[Opening Data provided section]

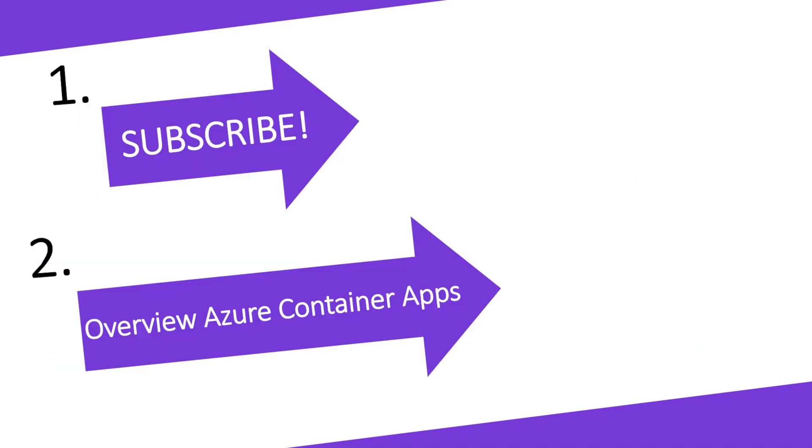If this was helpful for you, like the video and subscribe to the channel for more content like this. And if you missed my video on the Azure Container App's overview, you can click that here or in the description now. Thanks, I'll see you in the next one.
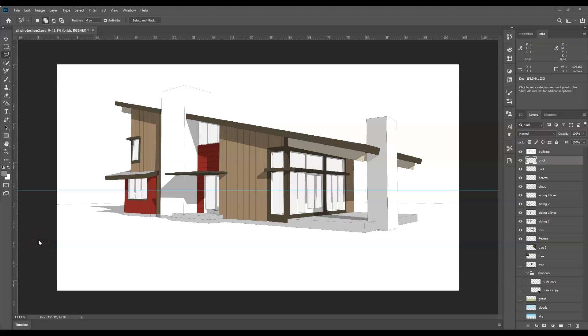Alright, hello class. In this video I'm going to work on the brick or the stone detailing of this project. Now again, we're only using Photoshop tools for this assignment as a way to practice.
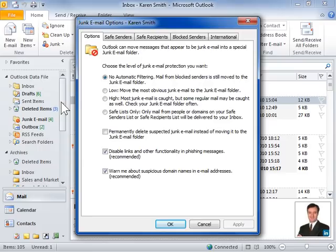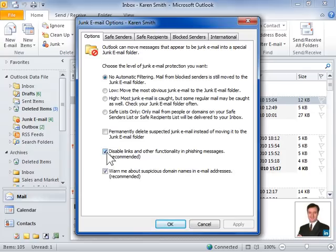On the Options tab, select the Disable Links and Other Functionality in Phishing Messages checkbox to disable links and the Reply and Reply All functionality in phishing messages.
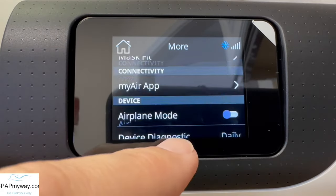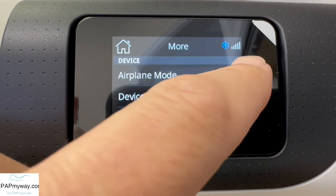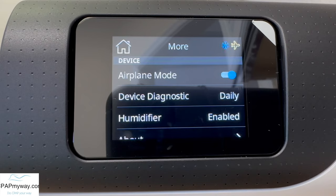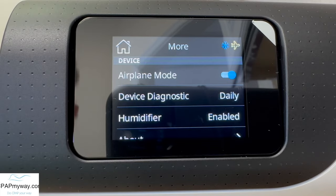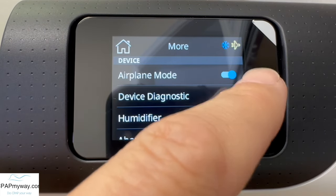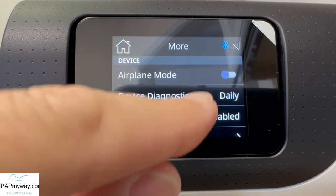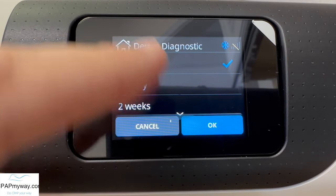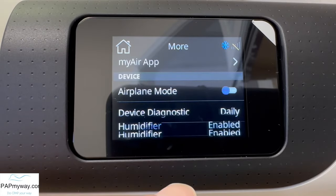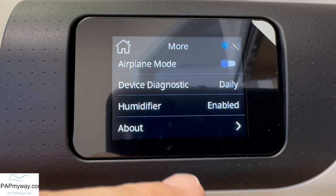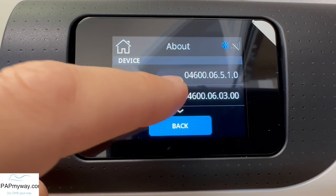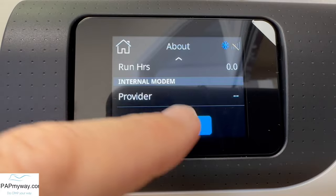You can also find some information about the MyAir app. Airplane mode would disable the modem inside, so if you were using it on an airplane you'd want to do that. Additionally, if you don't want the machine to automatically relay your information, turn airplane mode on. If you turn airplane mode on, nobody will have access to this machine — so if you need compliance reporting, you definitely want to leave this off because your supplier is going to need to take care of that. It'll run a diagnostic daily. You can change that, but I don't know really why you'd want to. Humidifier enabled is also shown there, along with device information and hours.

[Closing Data provided section]
[Opening Data provided section]

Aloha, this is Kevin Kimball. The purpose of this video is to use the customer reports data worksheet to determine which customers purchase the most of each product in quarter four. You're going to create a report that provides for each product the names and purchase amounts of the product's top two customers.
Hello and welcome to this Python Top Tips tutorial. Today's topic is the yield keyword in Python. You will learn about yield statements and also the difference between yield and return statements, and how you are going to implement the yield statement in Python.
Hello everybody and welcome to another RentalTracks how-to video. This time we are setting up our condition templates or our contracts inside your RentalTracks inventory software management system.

[Closing Data provided section]
[Opening Data provided section]

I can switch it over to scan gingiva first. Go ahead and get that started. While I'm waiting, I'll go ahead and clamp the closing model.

[Closing Data provided section]

[Aim of the exercise]: Find the word "welcome" in the records. Copy every line it appears in.

[Written response]:
Hello and welcome to this Python Top Tips tutorial. Today's topic is the yield keyword in Python. You will learn about yield statements and also the difference between yield and return statements, and how you are going to implement the yield statement in Python.
Hello everybody and welcome to another RentalTracks how-to video. This time we are setting up our condition templates or our contracts inside your RentalTracks inventory software management system.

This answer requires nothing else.